Por Nuno Guerreiro, nos EUA

Em 1992, do pódio da Convenção do Partido Republicano que nomeara George H. Bush para concorrer a um segundo mandato, Pat Buchanan, um antigo assessor de Richard Nixon e representante máximo da ala extremista dos republicanos, fez um discurso que ficaria para a história. Candidato derrotado às eleições primárias do partido, Buchanan afirmou que existia “uma guerra cultural em curso pela alma da América”. Segundo ele, o país tinha de ser resgatado às garras das elites de esquerda que, de Nova Iorque e Hollywood, controlavam e suplantavam os valores da “América profunda”.

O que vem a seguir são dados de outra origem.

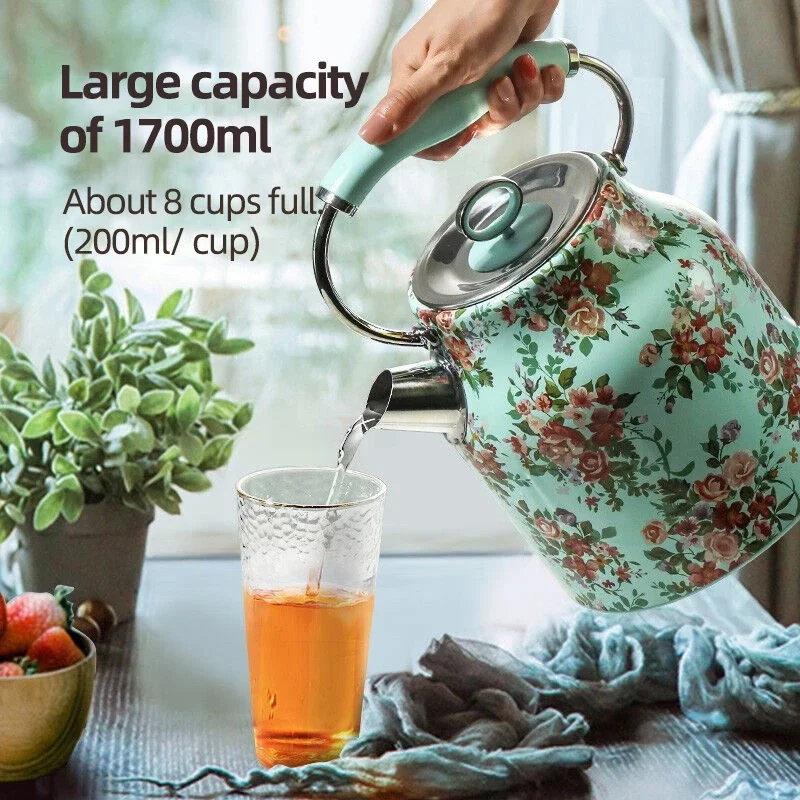 Bouilloire électrique отечественный портативный вариант из нержавеющей стали 304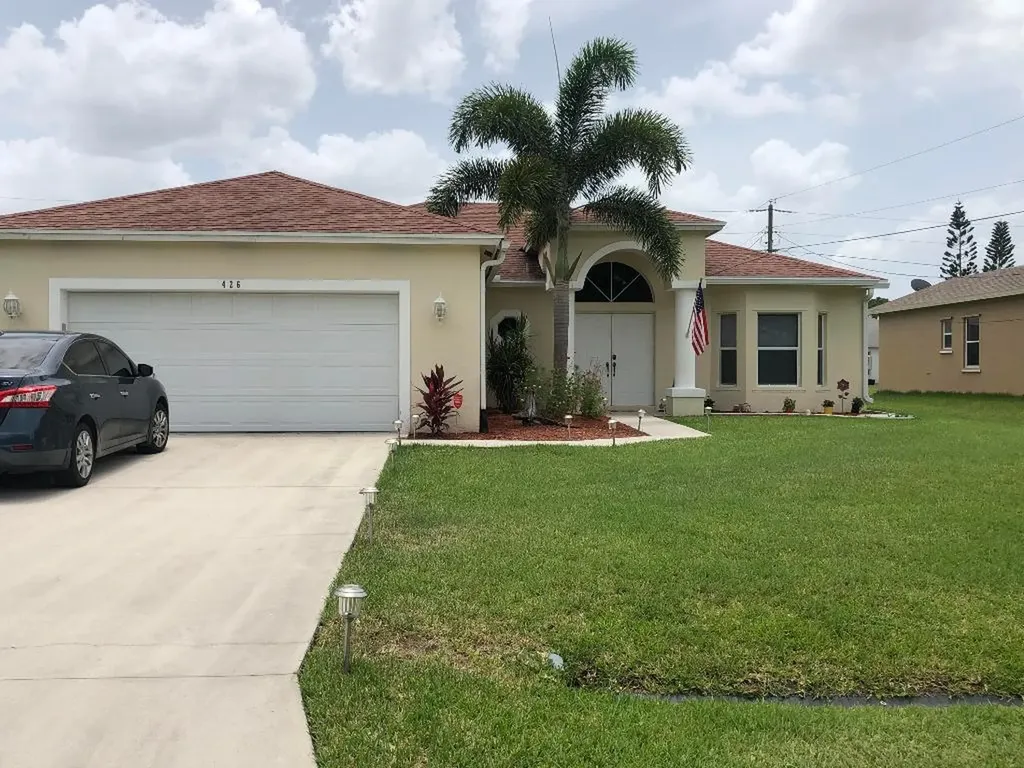 426 SW Ewing Avenue Port St Lucie FL 34983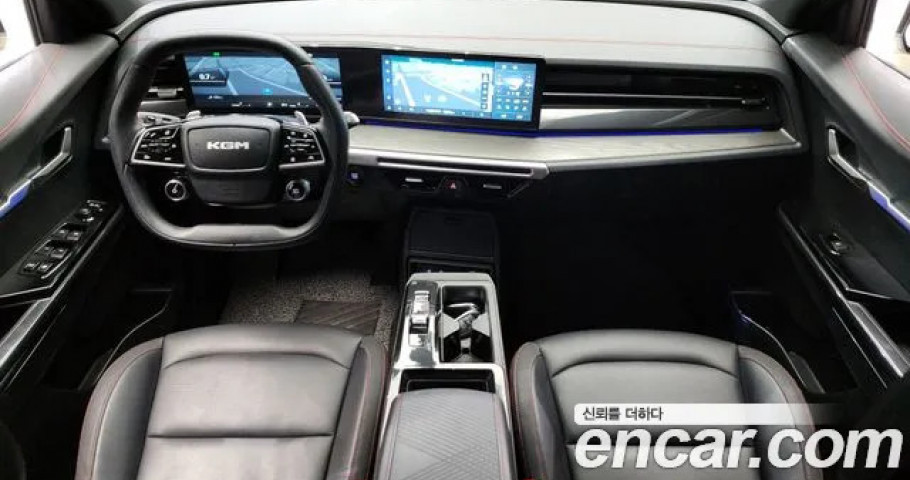 KG_Mobility_Ssangyong Actyon 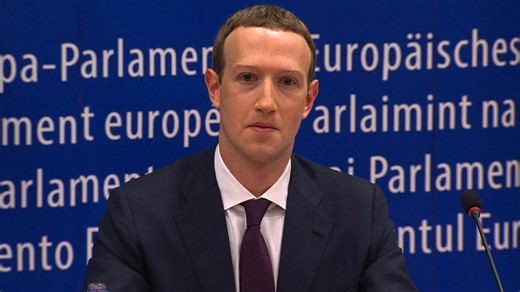 Mark Zuckerberg attaqué en justice par un autre Mark Zuckerberg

Agora, 12 anos depois, as palavras de Buchanan ressoam com timbre profético. A estratégia da campanha de reeleição de George W. Bush foi traçada ao milímetro por Karl Rove – um ex-lobbista que nos anos 80, em Washington, teve na sua carteira de clientes nomes como Ferdinando Marcos e Jonas Savimbi. Rove acreditava que Bush só podia ganhar se a base ultraconservadora do partido – composta maioritariamente por cristãos evangélicos – fosse votar. E para isso era necessário motivá-los.
Ainda antes da campanha começar, Bush faria isso mesmo ao propor uma emenda constitucional para proibir o casamento entre pessoas do mesmo sexo, sabendo de antemão que tal nunca passaria no Senado devido ao complexo processo de revisão constitucional. Mas não era uma emenda na Constituição que ele pretendia – Bush falava ao eleitorado ultraconservador. Mostrava-se como seu defensor. Como o defensor dos “valores morais tradicionais”.
Quem de fora comenta a América, geralmente fala em termos uniformes, diz “os americanos isto” e “os americanos aquilo”. Mas não podia ser mais errado colocar uma etiqueta única num país marcado pela diversidade.
Um olhar pelo novo mapa eleitoral americano mostra um país dividido em dois, uma clivagem entre os estados litorais e os do interior. Entre as megalópoles e a insolaridade.
Mais do que qualquer outro país, os Estados Unidos são feitos de assimetrias, onde os mundos hiper-tecnológicos de Nova Iorque ou Los Angeles coexistem com a falta de saneamento básico nas montanhas de Appalachia ou nos recantos perdidos de Montana. O país de Michael Moore, mas também de Newt Gingrich.
Os resultados eleitorais mostram um país dividido ao extremo: na geografia, nas emoções, nos valores e nos medos. John Kerry venceu em Nova Iorque, na Califórnia em New Jersey. George W. Bush ganhou no “Bible Belt”, nas Carolinas, na Geórgia, no Texas, em Montana.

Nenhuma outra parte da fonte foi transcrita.